Probably the last of the many tributes to David Ervine. This one was published by the excellent Business Eye magazine, and reproduced on the net by Newshound, is a lobbyist eye’s view from Quintin Oliver of Stratagem. It was once on the cards that the East Belfast man be ‘elevated’ to the Lords, if his bid to get into the Assembly had failed.

Ervine was a joy to lobby – he didn’t waste our time; he said no and meant it, or yes, and equally meant it. He valued the expert knowledge and passion in their cause that our clients brought to his table, recognising that as a busy ‘jack of all trades’ he needed to draw from others – ‘real people doing real things with real motives’, he called it. In the Assembly once, he regretted that ministers and the large parties could read from prepared scripts, while he had to ‘busk it’. That’s why he was ready to receive advice, although he would question the brief with characteristic rigour.
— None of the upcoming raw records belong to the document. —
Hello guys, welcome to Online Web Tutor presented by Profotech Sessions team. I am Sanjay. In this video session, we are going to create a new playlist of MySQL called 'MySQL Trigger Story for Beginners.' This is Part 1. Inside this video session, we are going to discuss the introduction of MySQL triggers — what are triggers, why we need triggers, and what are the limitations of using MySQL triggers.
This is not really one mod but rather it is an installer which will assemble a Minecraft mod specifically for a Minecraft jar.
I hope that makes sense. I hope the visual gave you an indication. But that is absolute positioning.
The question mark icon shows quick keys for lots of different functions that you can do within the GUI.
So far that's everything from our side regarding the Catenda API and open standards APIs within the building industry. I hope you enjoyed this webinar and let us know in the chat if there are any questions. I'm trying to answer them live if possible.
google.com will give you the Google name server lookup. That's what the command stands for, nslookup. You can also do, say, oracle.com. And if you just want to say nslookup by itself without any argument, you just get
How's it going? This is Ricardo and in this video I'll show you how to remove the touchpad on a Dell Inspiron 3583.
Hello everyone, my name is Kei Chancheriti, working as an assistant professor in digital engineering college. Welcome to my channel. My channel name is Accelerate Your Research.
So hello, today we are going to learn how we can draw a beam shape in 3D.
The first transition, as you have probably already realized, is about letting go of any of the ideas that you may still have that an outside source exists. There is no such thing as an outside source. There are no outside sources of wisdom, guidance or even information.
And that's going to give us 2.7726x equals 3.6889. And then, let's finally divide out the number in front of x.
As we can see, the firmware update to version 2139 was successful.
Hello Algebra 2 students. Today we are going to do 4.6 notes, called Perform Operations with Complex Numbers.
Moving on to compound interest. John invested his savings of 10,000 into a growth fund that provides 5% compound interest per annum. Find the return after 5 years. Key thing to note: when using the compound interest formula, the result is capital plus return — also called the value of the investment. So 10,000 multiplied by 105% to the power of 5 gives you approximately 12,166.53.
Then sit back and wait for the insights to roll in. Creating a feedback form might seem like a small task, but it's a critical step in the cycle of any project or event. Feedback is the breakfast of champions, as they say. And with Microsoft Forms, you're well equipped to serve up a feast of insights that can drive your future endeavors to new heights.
He was big enough to know what he didn’t know, and not just pretend, as some others do.

Although as an old-fashioned Socialist he was not instantly business-friendly in the traditional sense, he valued the dignity of labour, and understood the importance of employment in his east Belfast heartland. He and Jeanette had after all called their second son ‘Owen’ after the hero of Robert Tressell’s seminal Victorian novel on the struggle for workers’ rights. His gem on religion and work is worth repeating: “people shouldn’t wake up wondering whether they are Irish or British – they should be wondering whether they are going to be late for work.” That enshrines his practical and no-nonsense approach.

And lastly, despite the seeming contradiction of his career in the round, perhaps one of the reasons this once ‘gentile’ UVF bomber was held in such affection by many outside his own community:

He once scolded me for asking the banal question of him in public about his greatest sense of achievement as a politician; ‘of course, it’s the constituency work, Quintino, that’s what I’m meant to say, amn’t I?” But in reality it was his ambition to answer that much more penetrating question asked of him by Gusty Spence, as he had entered the UVF cage in Long Kesh, long before, “Why are you here?”

That was his driver, his shining light, his candle in the dark; and no ermine could have smothered that burning ambition.